Mn: Less than 0.60%.

Mn (manganese) is an effective element for improving the iron loss of the non-oriented electrical steel sheet by increasing the electrical resistance of the steel and reducing the eddy current loss. However, since Mn has inferior solid solution strengthening ability compared to Si and Al, a large amount of Mn is required to obtain high strength, resulting in a large decrease in magnetic flux density. Therefore, the Mn content is to be less than 0.60%. The Mn content is preferably 0.55% or less, and more preferably 0.50% or less. There is no need to set a lower limit for the Mn content, but in order to obtain the above effects, the Mn content is preferably 0.10% or more, and more preferably 0.20% or more.

Al: 0.30 to 0.90%.

Al (aluminum) is an element that has an effect of reducing the eddy current loss by increasing the electrical resistance of steel and improving the iron loss of the non-oriented electrical steel sheet. Al is also an element that contributes to higher strength of the non-oriented electrical steel sheet through solid solution strengthening, although not to the same extent as Si.
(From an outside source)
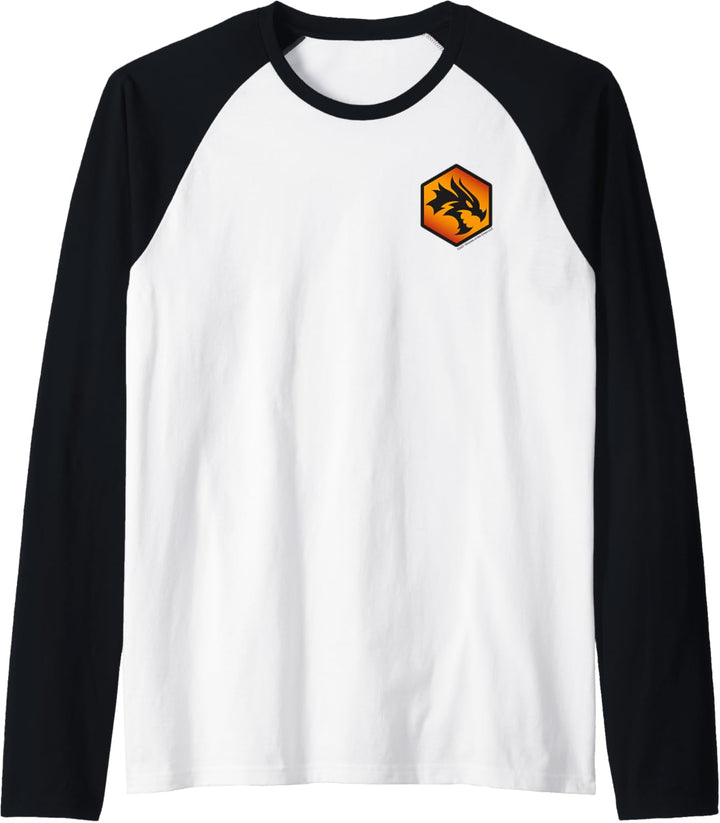 Magic: The Gathering D&D Dragon Hexagon Pocket Logo Raglan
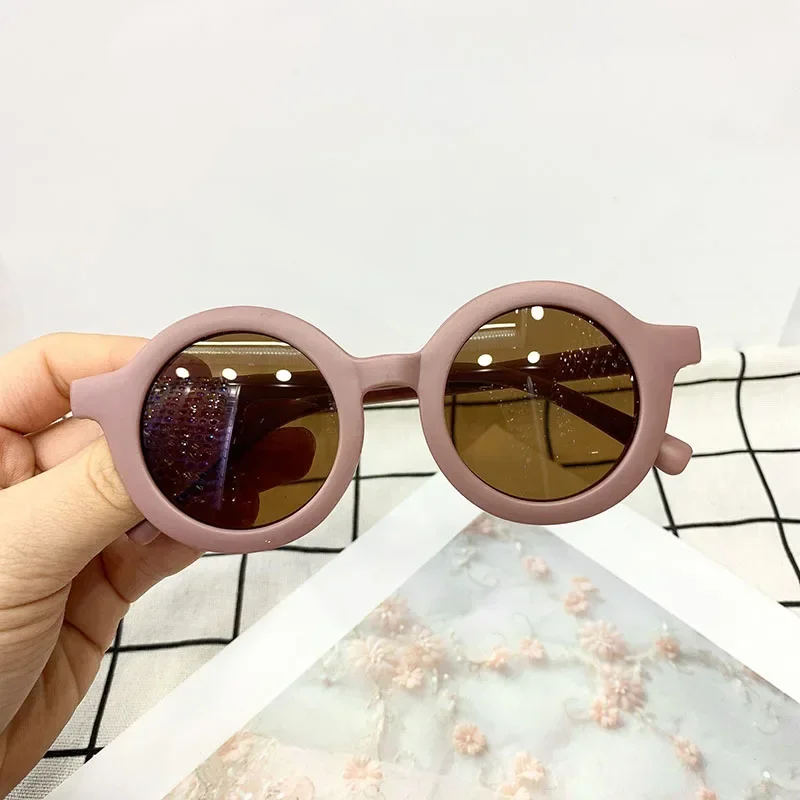 Neue Modische Kinder-Sonnenbrille für Jungen und Mädchen, Niedliche Runde Sonnenbrille mit UV-400-Schutz für Damen, Trendige Party-Brille – Detail 17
In addition, an addition of an appropriate amount of Al has an effect of suppressing the refinement of AlN produced by the combination of Al and N in the steel, thereby improving grain growth during final annealing. To obtain these effects, the Al content is to be 0.30% or more. The Al content is preferably 0.40% or more, more preferably more than 0.45%, and even more preferably 0.50% or more. On the other hand, an excessive Al content deteriorates toughness and increases risk of fracture during cold rolling. Therefore, the Al content is to be 0.90% or less. The Al content is preferably 0.80% or less, and more preferably 0.70% or less.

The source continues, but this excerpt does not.